Reputation: 1314
I have a parent class and different child classes. I want to encapsulate the decision which child class is to initialize in the initialization. A simple example:
class Person:
def __init__(self, name):
if self.name_is_male(name):
real_instance = Male(name)
else:
real_instance = Female(name)
return real_instance
def name_is_male(self, name):
if name == 'Donald':
return True
elif name == 'Daisy':
return False
else:
raise ValueError('unknown name!')
class Male(Person):
def __init__(self, name):
...
class Female(Person):
def __init__(self, name):
...
This simple example will end in a recursion and doesn’t work, but it’s for illustrating my question: how to encapsulate the decision which child class to initialize in the initialization of a parent class?
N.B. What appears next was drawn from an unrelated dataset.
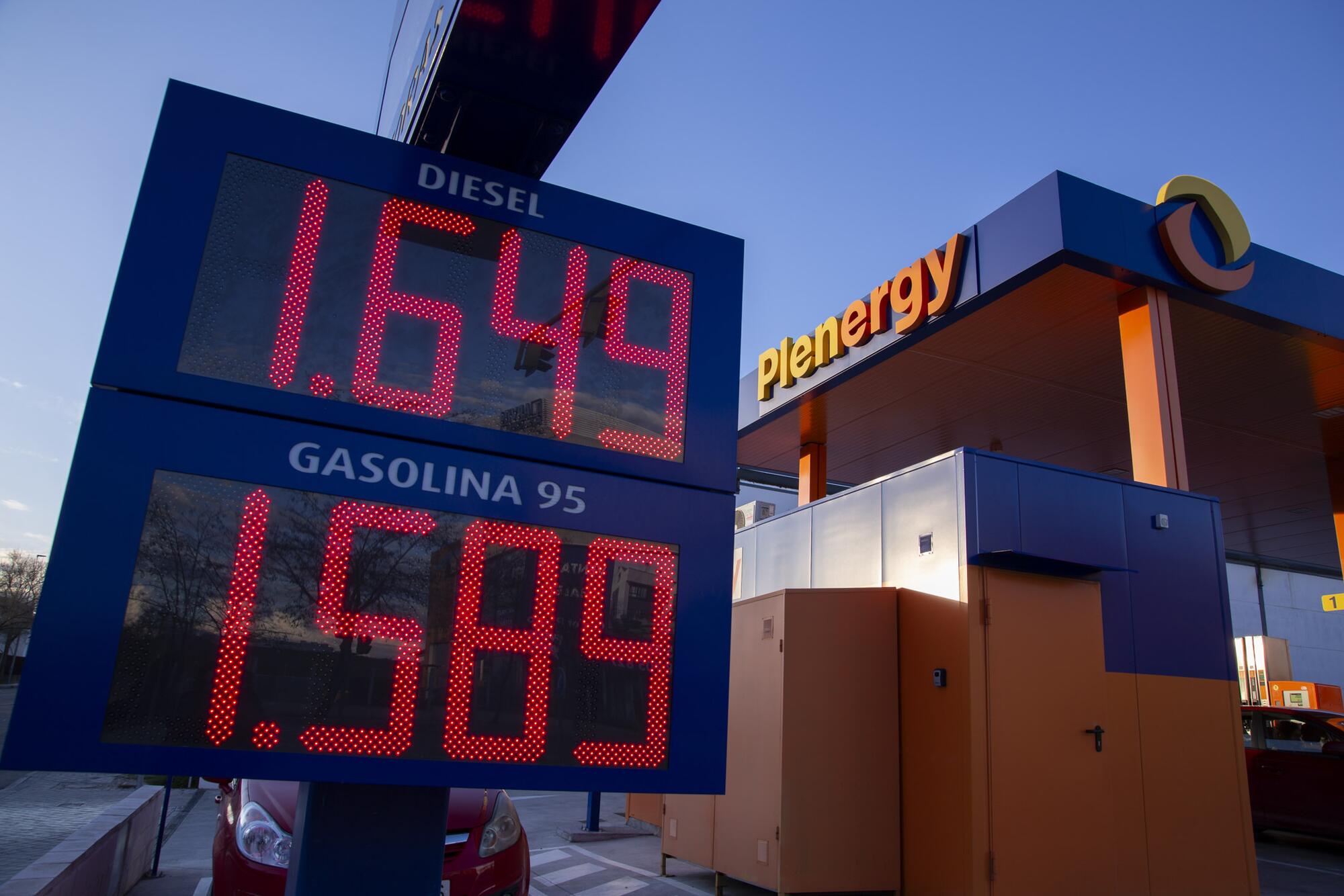 Gasolinera Low cost Rivas 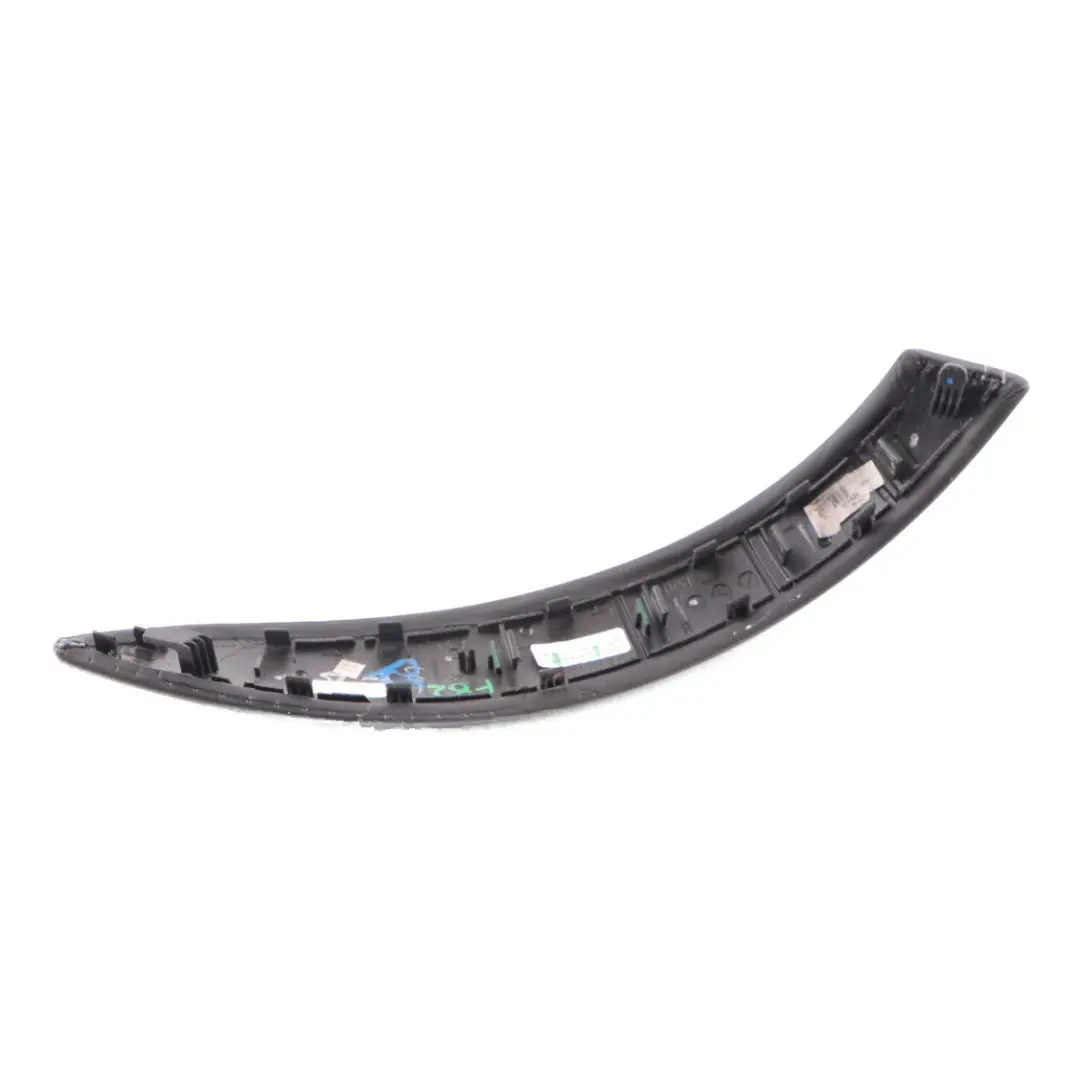 Puerta Cubierta Interior Manija Cuero Derecha Negro para BMW F80 M3 F82 M4 con número de pieza 8057634 BMW F80 M3 F82 M4 Puerta Cubierta Interior Manija Cuero Derecha Negro - SKU 8057634 - Número de pieza 8057634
Or is this altogether a stupid idea?
Upvotes: 0
Views: 51
Reputation: 23437
Though the use case is not very clear, I would have used factory design pattern to achieve something similar to this. A basic example can be:
class Person(object):
# Create objects based on some name:
@staticmethod
def factory(name):
if name== "Male":
return Male()
elif name== "Female":
return Female()
else:
return None
class Male(Person):
pass
class Female(Person):
pass
person = Person.factory('Male')
Another example on factory method design pattern
Upvotes: 2
Reputation: 150
__init__
is not supposed to return anything (or rather: it has to return None
). Imo it's not the best way of writing it, or as you put it "altogether a stupid idea". Is there a particular reason why it can't be an attribute?